July 18 (Bloomberg) -- CME Group Inc., owner of the world’s largest derivatives market, will provide clearing services for new credit-default swap futures being developed by trueEX Group LLC and Standard & Poor’s.
The contracts will be available for trading on CME’s Globex electronic system, the companies said today in a statement. The deal among the three companies is non-binding and subject to final approval, they said. S&P Dow Jones Indices began offering three credit-spread indices on April 10 that are tied to debt issuers listed in the S&P 500 Index of stocks.
The Dodd-Frank Act, passed in 2010 to overhaul financial-market regulation, is moving most credit swaps into clearinghouses. The contracts, historically traded privately between banks and investors, will also be available on electronic systems after the unregulated market contributed to and complicated efforts to resolve the credit crisis.
Futures on credit swaps would open the market to small hedge funds and other investors who couldn’t afford to participate in the over-the-counter market or didn’t want to take the risk of counterparty failures.
IntercontinentalExchange Inc., based in Atlanta and known as ICE, began offering futures in June linked to credit indexes owned by Markit Group Ltd.

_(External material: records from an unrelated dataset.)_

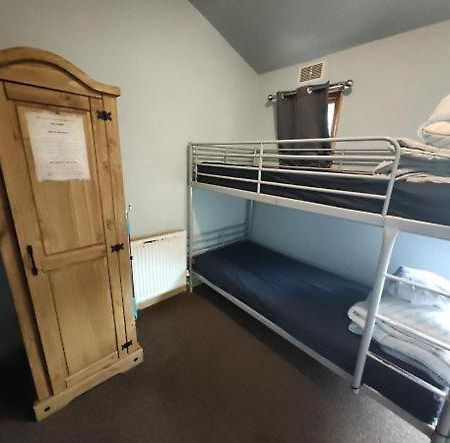 Emma'S Cozy Stay Dublin Zewnętrze zdjęcie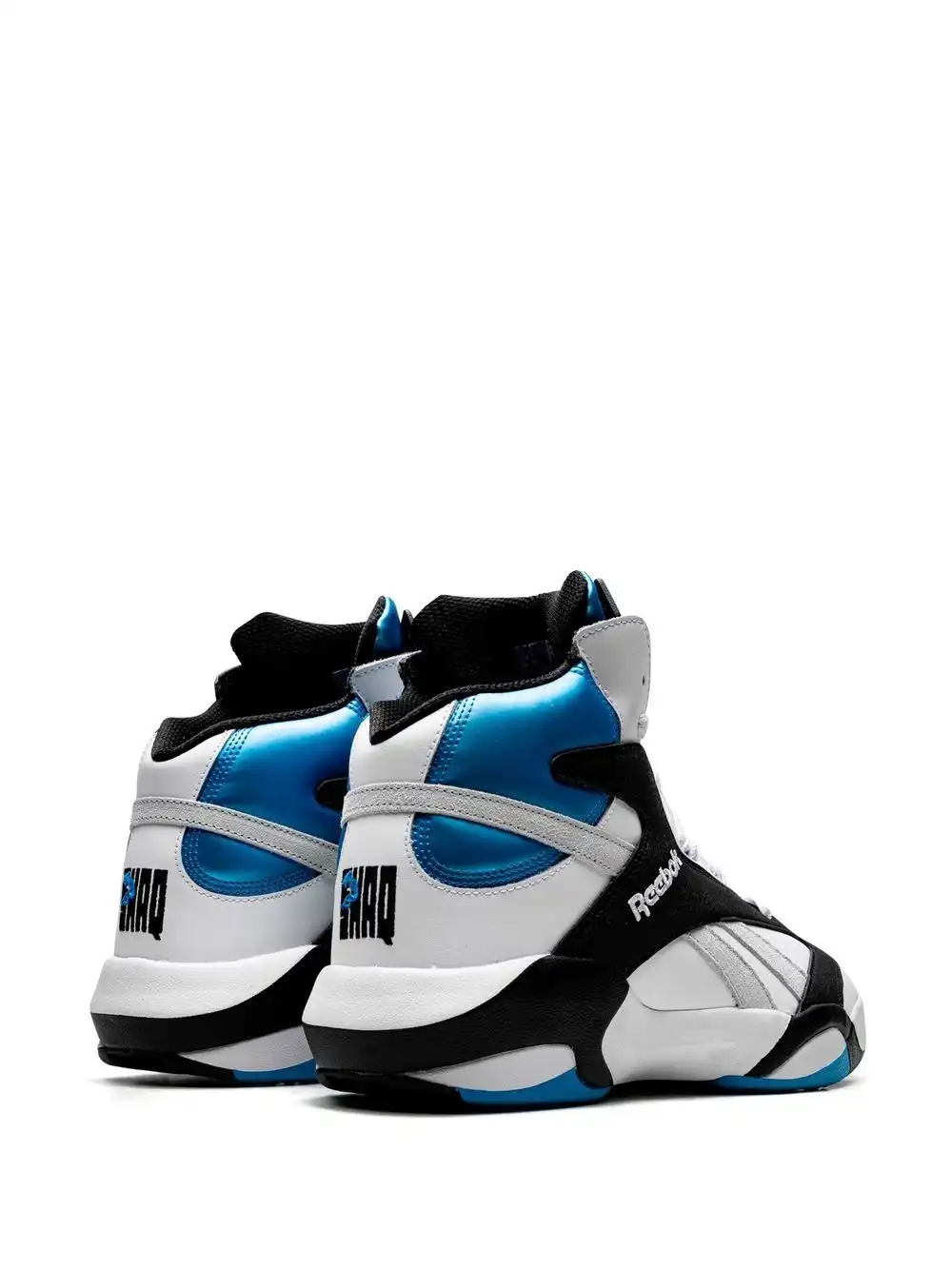 hype Reebok Shaq Attaq 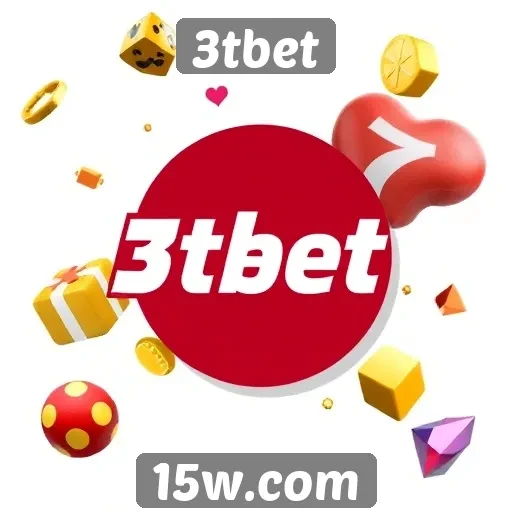 Variedade de jogos oferecidos no 3tbet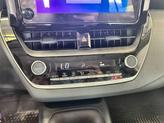 Thumbnail of 2025 Classic Silver Metallic Toyota Corolla Hybrid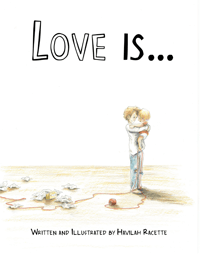 Image 1 of Love Is...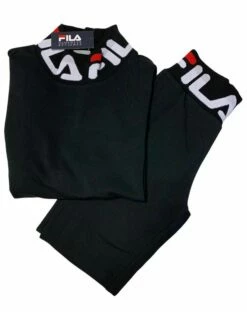 Tuta Donna Sportiva Fila 4064 Cotone Felpato -Sconto Intimo Outlet in Italia thumbnail photo 2021 08 11 09 52 13 1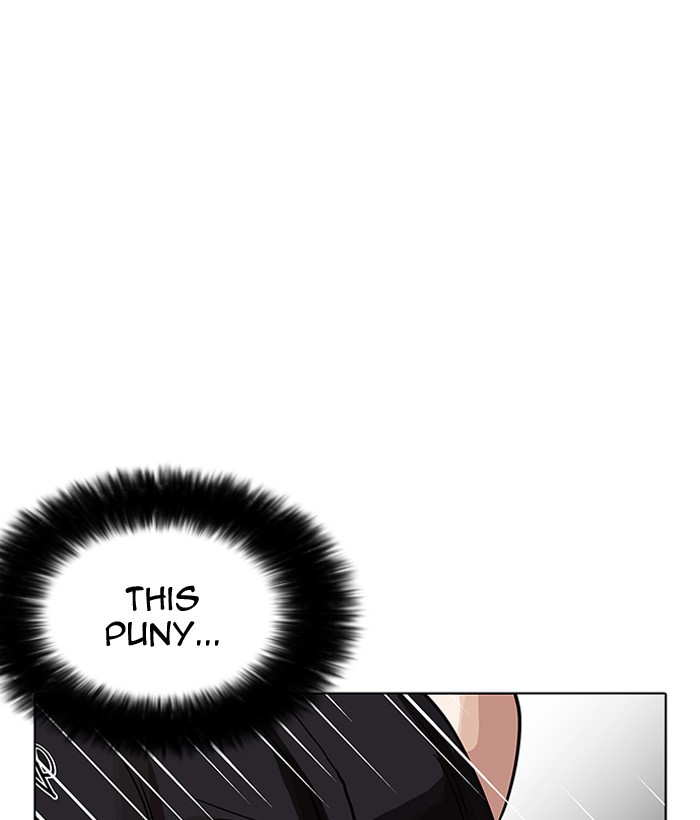 Lookism, Chapter 203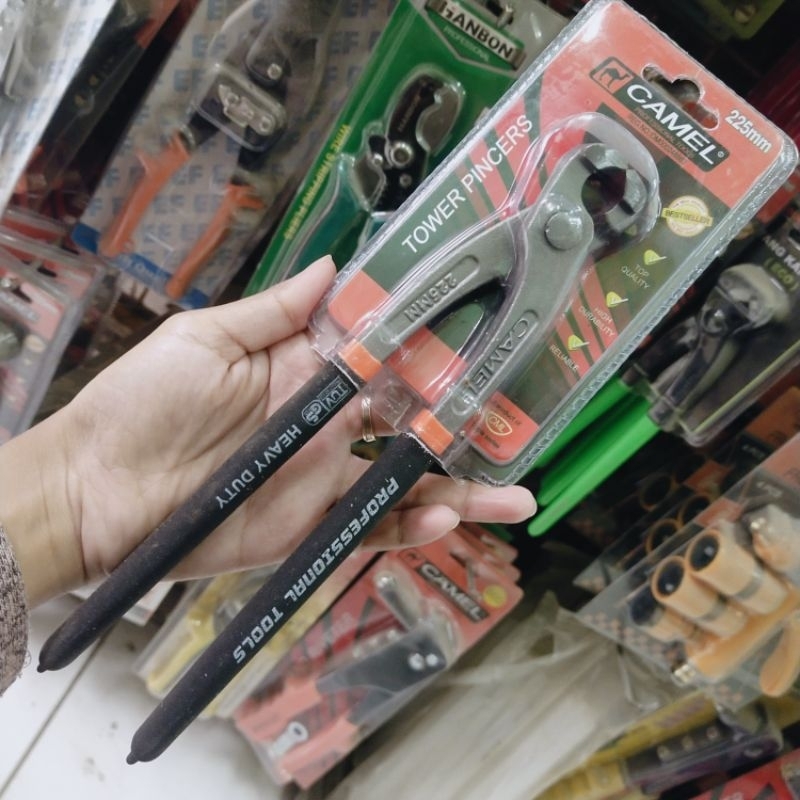 

GEGEP / TABG KAKA TUA CAMEL CML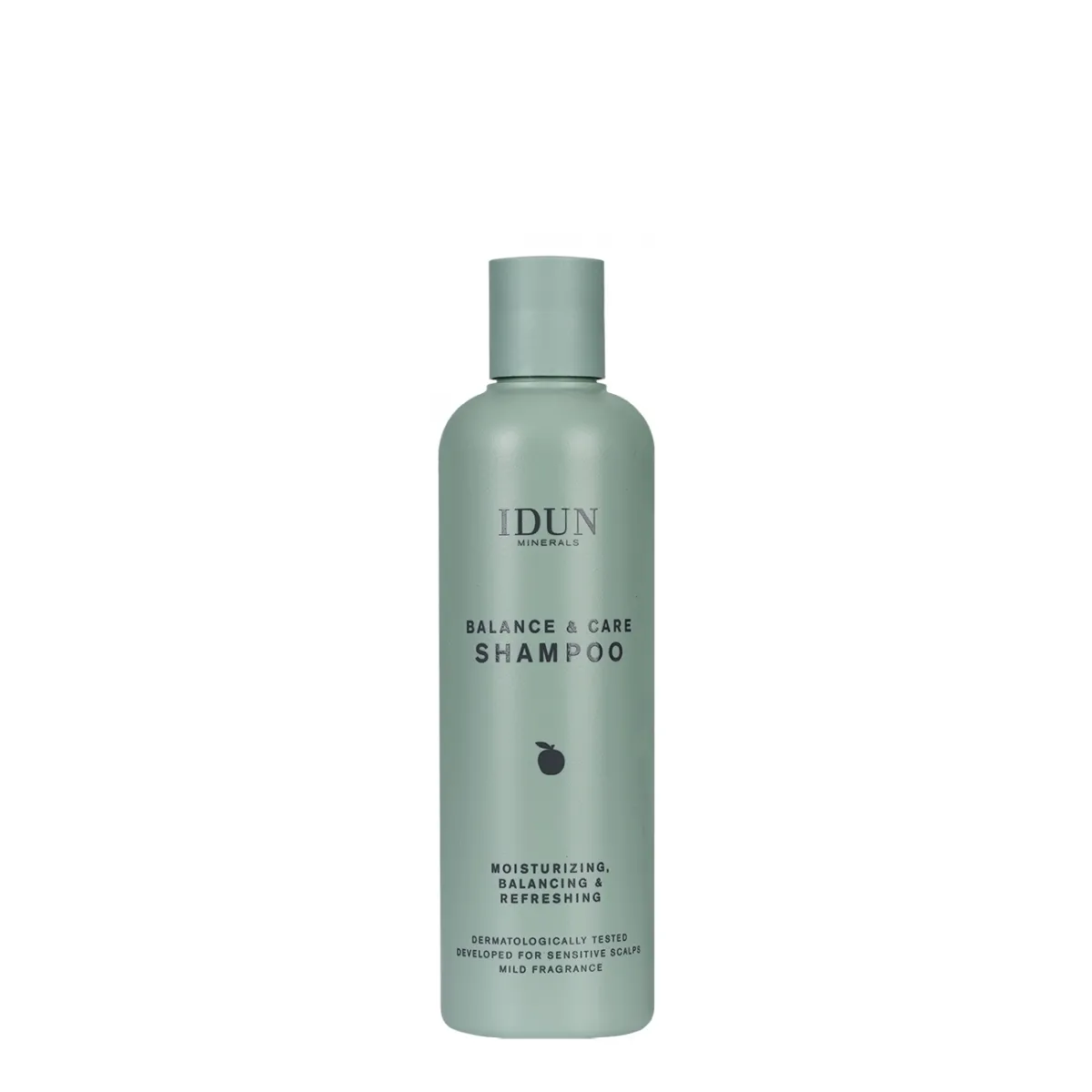 IDUN SHAMPOON TASAKAALUSTAV 250ML - Изображение товара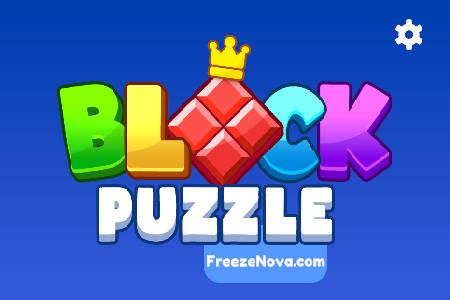 Block Puzzel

Swaps tied to those benchmarks are the most actively traded derivatives in credit markets.
Both CME, based in Chicago, and ICE also clear over-the-counter credit swaps. CME has struggled to compete in that market, with $345 billion in cleared contracts since 2009, according to its website. ICE has processed $42 trillion of the contracts with its clearinghouses, it said earlier this month.
Credit swaps, used to protect against losses on debt such as corporate bonds, pay the buyer face value if a borrower fails to meet its obligations, less the value of the defaulted securities.